I've been looking at some of the data on HSUPA deployments, and frankly it's a bit disappointing. There was a news article yesterday quoting Qualcomm saying "This is the year for HSUPA" and "it's now being included as standard for chipsets aimed at 'mid range' devices and by the end of the year will appear as standard on low end phones as well".

To me, that last comment rang alarm bells - it sounds like a marketing pitch "Hey, everyone! HSUPA's the next must-have! Get involved! No, really, everyone's gonna be doing it! Honest....."

Normally that sort of pitch is made when something isn't happening. "Standard on low end phones"...er, well given that WCDMA still isn't standard on low-end devices, I'd be pretty surprised if the world's $30 handsets suddenly skipped straight over HSDPA and went all the way to full HSUPA from GSM.

In fact, there's still a real dearth of HSUPA phones. Although there are 60-odd devices in total, most are modems, dongles, modules & other non-phone products. There's a handful of Toshiba phones in Japan, and some high-end Windows devices from HTC, I-Mate and a couple of other vendors. There are no high-end Nokias with high-speed uplink yet (including the new N96), the iPhone is HSDPA not HSUPA and so on.

So clearly, there's some level of desperate hyperbole.... but the question is how much? Looking at the GSA's statistics for deployments and "commitments", it seems that the wheels have come off the "Uplink" bandwagon a bit. While 51 HSUPA networks have launched, there's only another 17 known to be "committed". Yes, the number of live networks has almost doubled in 6 months, but the future rollout schedule hasn't kept pace. Looking back at some statistics for HSDPA from 2006, when it reached 50 deployments, there was a pipeline of 60+ on the way.

Now don't get me wrong, I'm all in favour of HSUPA. It's one of the things that makes VoIPo3G much more practical. But I suspect that it's that, coupled with the risks of P2P traffic or people running PC's as web servers over the mobile network, that are leading operators to avoid specifying UPA as a must-have. They'd rather have faster generations of HSDPA, or support for different frequency bands like 900MHz. Despite some of the blather about social networking, there isn't really a killer revenue-generating app for HSUPA services outside of a few road warriors and photographers needing to upload big image & presentation files from PCs.

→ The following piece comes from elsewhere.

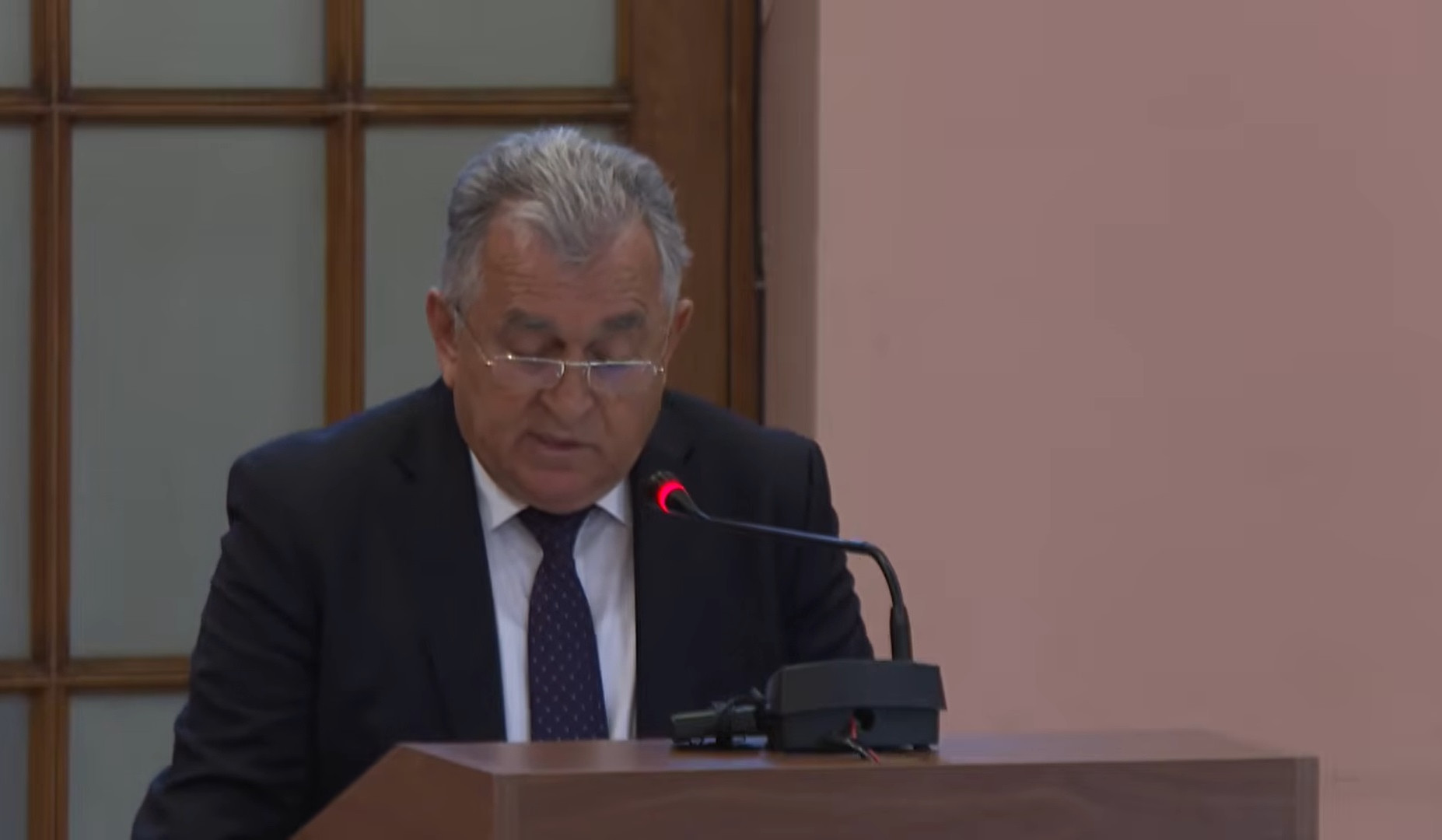 2022-ից գիտության ֆինանսավորման ծավալները գրեթե եռապատկվել են, որոշ ուղղություններով ներդրումներն աճել են ավելի քան 8 անգամ. ԳԱԱ նախագահ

I'm not convinced operators really want to host billions of uncompressed 5MP cameraphone images on their networks, even if the radio network can support it.

I have a suspicion that most operators will probably wait for HSPA+ / HSPA-Evolved before upgrading their uplink, particular for handset users. There will be a slow creep of HSUPA into 3G dongle modems for those markets where shipments have exploded, and you'll start see smartphones gradually coming into the market at end-2008, but you can forget about truly massmarket HSUPA phones until late 2009 or early 2010.

4 comments:

Subra said...

With the right apps and user interface, wouldn't ALL users love to background upload their 2 megapixel (e.g. iphone ) pictures over the air ? Rather than have them decay inside the phone ?

Note this doesn't even need HSUPA although HSUPA will certainly make it zippier and more spectrally-efficient.

At least in the US, what seems to be holding people back from this is: (a) expensive prices (b) cumbersome user interfaces (c) lack of awareness

Looks like the carriers are missing out on the potential of the uplink.

Dean Bubley said...

Hi Subra

It depends. If the networks enabled fast upload of 5MP images (the ones on my phone are about 1.5MBytes each), for free, to the user's own PC, without hurting battery life, then maybe.

But to be honest, most photos taken with phones don't "decay", but are just shown to friends on the phone's screen itself.

Or if the user wants to "free" the pictures, it's much easier to transfer them to a PC with a micro-SD or M2 card. I bought a 4GByte M2 card yesterday for £25 / $50 - memory has a faster price curve than network capacity.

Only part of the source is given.